# Importing the libraries

In [128]:
import numpy as np
import rasterio
import matplotlib.pyplot as plt
import xarray as xr
import rioxarray as rxr
import geopandas as gpd
from shapely.geometry import mapping
import pyproj
import pandas as pd
import harmonize as hz

# Importing the dataset

In [178]:
# Create a path to the data directory
path_data = "../data/Raw/"

In [184]:
# Open the dataset list_xy and list_xdimydim
list_xy = xr.open_dataset( path_data + "list_xy.nc", decode_coords='all')
list_xdimydim = xr.open_dataset(path_data + "list_xdimydim.nc", decode_coords='all')



In [185]:
# Subset list_xy on 3 days
list_xy = list_xy.sel(time=slice('2019-01-01', '2019-01-03'))
list_xdimydim = list_xdimydim.sel(time=slice('2019-01-01', '2019-01-03'))

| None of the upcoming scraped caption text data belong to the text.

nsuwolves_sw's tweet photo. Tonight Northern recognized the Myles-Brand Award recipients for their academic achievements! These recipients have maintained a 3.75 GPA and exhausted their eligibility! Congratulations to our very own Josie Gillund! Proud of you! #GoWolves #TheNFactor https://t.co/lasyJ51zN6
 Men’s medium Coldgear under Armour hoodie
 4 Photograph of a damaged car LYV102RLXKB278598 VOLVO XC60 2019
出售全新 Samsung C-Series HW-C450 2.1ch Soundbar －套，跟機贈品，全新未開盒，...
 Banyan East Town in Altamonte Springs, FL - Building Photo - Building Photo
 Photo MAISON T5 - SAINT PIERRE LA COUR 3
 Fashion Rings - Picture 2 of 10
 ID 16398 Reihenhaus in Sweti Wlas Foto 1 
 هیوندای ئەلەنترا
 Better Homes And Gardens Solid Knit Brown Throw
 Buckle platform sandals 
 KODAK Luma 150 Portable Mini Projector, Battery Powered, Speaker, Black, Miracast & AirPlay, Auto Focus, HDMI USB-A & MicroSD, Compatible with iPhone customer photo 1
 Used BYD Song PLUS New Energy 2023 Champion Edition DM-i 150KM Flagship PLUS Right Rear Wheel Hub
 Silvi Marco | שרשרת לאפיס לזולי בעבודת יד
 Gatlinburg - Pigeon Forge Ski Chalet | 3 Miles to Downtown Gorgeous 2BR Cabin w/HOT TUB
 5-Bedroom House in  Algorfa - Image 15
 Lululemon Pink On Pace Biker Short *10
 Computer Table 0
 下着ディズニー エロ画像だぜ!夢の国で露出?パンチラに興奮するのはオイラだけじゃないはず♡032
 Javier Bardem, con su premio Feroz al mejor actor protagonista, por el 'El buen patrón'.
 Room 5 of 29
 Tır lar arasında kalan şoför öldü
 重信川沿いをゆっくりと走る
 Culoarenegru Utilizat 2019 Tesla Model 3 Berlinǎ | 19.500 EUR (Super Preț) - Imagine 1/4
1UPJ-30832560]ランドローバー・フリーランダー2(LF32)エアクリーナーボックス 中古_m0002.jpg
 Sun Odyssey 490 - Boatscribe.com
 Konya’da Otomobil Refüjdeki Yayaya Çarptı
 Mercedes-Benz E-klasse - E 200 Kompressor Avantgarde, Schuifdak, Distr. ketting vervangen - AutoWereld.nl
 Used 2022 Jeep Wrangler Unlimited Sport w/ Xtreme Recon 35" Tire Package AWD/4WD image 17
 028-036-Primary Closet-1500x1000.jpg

# Explaining the issue while merging the two datasets

In [181]:
# Merge the two datasets by coordinates
cube_fail = xr.combine_by_coords([list_xy, list_xdimydim], combine_attrs='drop_conflicts')
cube_fail

As they should be in the coordinates reference system and the the same dimensions (x=xdim, y=ydim), the two datasets should be merged. However, the merge fails in the sense we have now 5 dimensions (x,y,time,xdim,ydim) instead of 3 (x,,y,time). Let's see why.

## Hypothesis
- (H1) The name of the coordinates are the cause of the issue. Let's rename the coordinates of list_xdimydim to x and y.
- (H1bis) The name of the coordinates are the cause of the issue. Let's rename the coordinates of list_xy to xdim and ydim.
- (H2) The values of the coordinates are the cause of the issue.
- (H4) The grid_mapping attribute is the cause of the issue.
- (H4) The values of the coordinates are the cause of the issue. Let's change the values of the coordinates of list_xdimydim to the values of the coordinates of list_xy.
- (H5) The values of the coordinates and the name are the causes.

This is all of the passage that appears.